For females and males, we apply the random-effects regression separately to each of our five 10-year age groups $$i$$, resulting in summary coefficients $$\hat \beta _i$$ such that the age-specific prevalence is $$e^{\hat \beta _i}$$. Similarly, our age-standardized meta-estimate is $$\hat r = \mathop {\sum }\limits_i w_i\left( {e^{\hat \beta _i}} \right)$$, where $$w_i$$ is the proportional representation of each age group in the 2010 US population24 such that $$\mathop {\sum }\limits_i w_i = 1$$. Confidence intervals for $$\hat r$$ were made by replacing $$\hat \beta _i$$ in the above formula with $$\beta _i\sim N\left( {\hat \beta _i,\hat \sigma _i^2} \right)$$, where $$\hat \sigma _i^2$$ is the variance of each coefficient $$\hat \beta _i$$. We report the 2.5th and 97.5th percentiles of $$\hat r$$ based on an arbitrarily large number of samples (1 million of each $$\beta _i$$). Estimates of the number of expected cases in 2020 and 2030 are calculated using the population projections for the entire nation of the US published by the US Census Bureau.24

Unique among the P4 efforts, HAAS is a longitudinal study following a fixed cohort of men over an extended period of time (1965–2012). The total number of years each subject was alive constitutes the number of person-years at risk (denominator), while the number of years over which a subject had a diagnosis of PD defines the case number within a period of interest (numerator). While common assumptions regarding the Poisson distribution of rare diseases can be applied to the other efforts to generate measures of uncertainty, HAAS data require a bootstrap resampling approach.25 As such, we report prevalence estimates from the HAAS cohort for comparison alongside those from other research efforts and do not incorporate them into the random-effects models to derive the summary estimates.

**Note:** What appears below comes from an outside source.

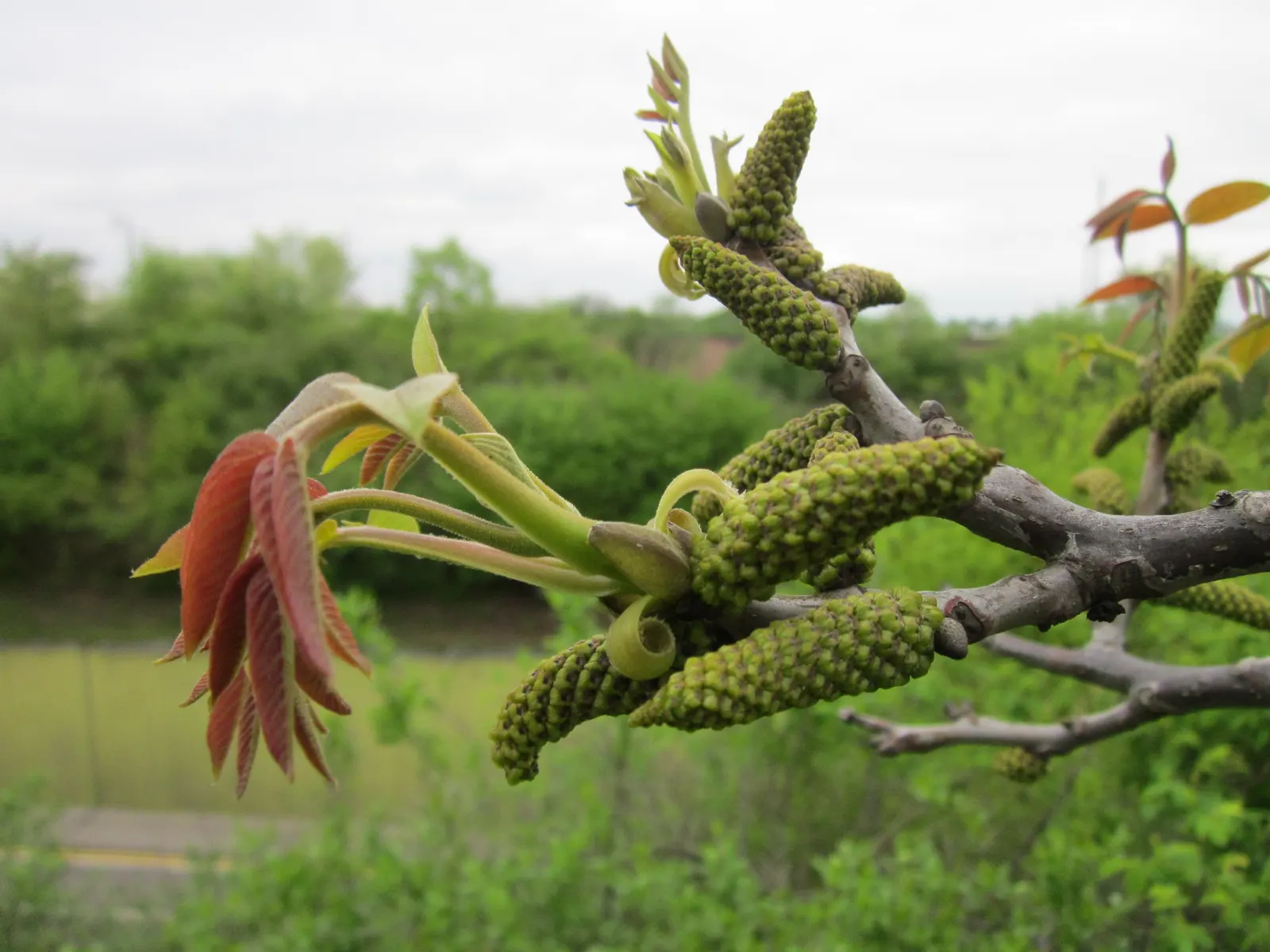 English Walnut (Juglans Regia) — tree for full; which may inhibit growth of certain plants nearby, image 80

To compare prevalence estimates generated by the four P4 projects to those produced by US Medicare records, we calculated prevalence from Medicare data for each group of US counties included in the US P4 project catchment areas (see legend to Fig. 2 for the corresponding counties).

All rates are presented for males and females aged ≥65 years and standardized to the US 2010 population using 5-year age strata;24 confidence intervals are calculated using the method of Tiwari and colleagues.26

### Data availability

Data for this project are not owned by or under the control of the authors. Owing to either privacy regulations or data-sharing agreements, data cannot be made available.

### Code availability

Analytic code can be made available upon request to the corresponding author.